Available data below:

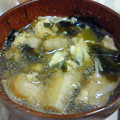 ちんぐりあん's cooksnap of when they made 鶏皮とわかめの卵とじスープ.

End of Available data.
Available data below:

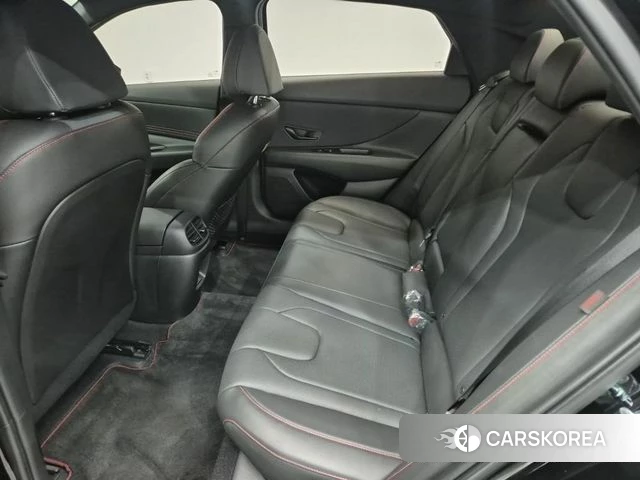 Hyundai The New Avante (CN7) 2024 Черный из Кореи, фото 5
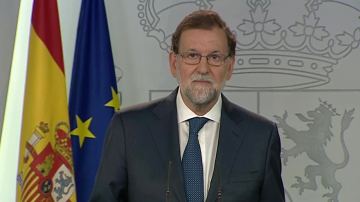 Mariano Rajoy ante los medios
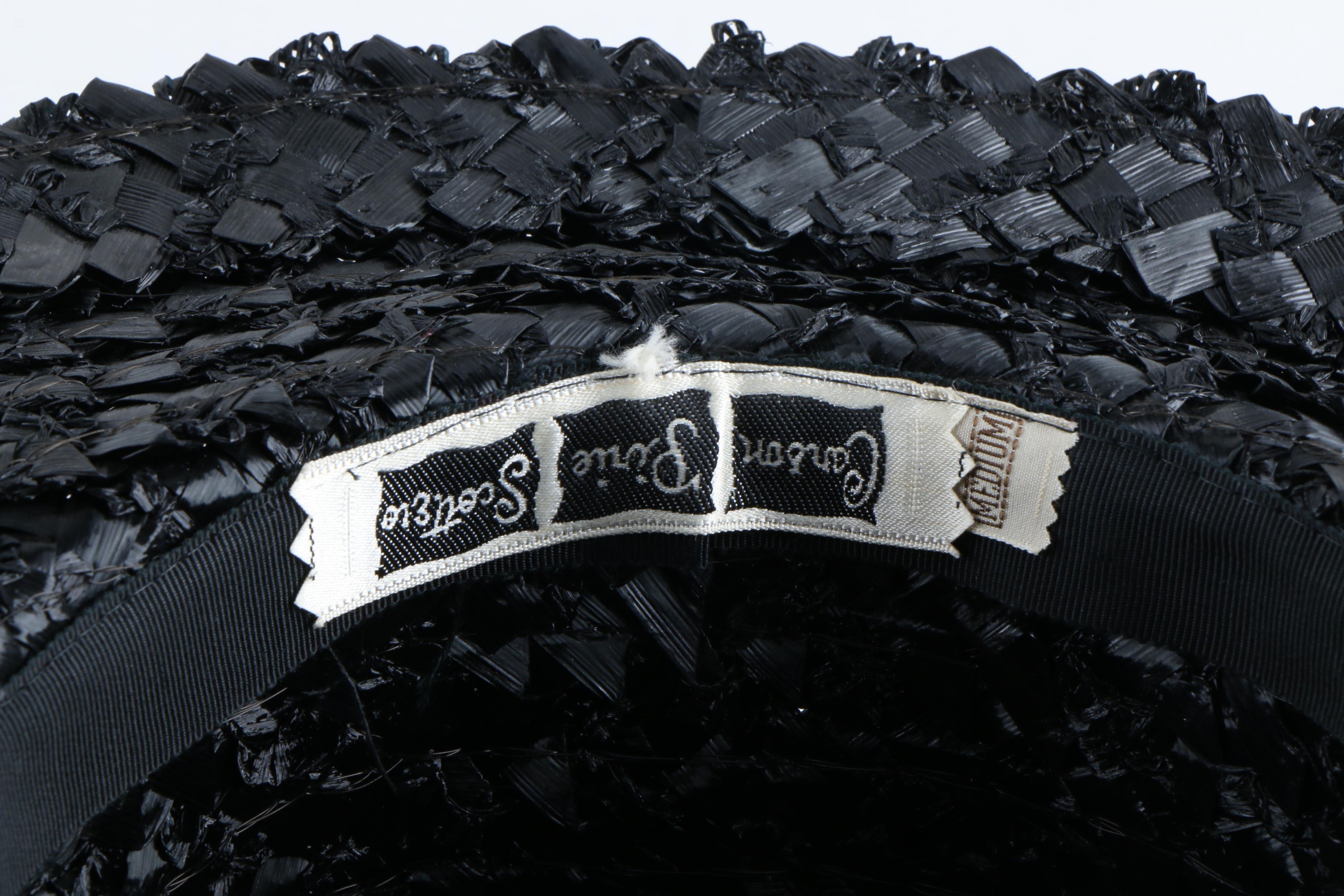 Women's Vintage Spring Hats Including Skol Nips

End of Available data.

Beginning at the line above that contains "Hyundai The New" and going on through the line that contains "Women's Vintage Spring", please copy every line exactly, leaving the pictures out and adding nothing.

 Hyundai The New Avante (CN7) 2024 Черный из Кореи, фото 5
 Mariano Rajoy ante los medios
 Women's Vintage Spring Hats Including Skol Nips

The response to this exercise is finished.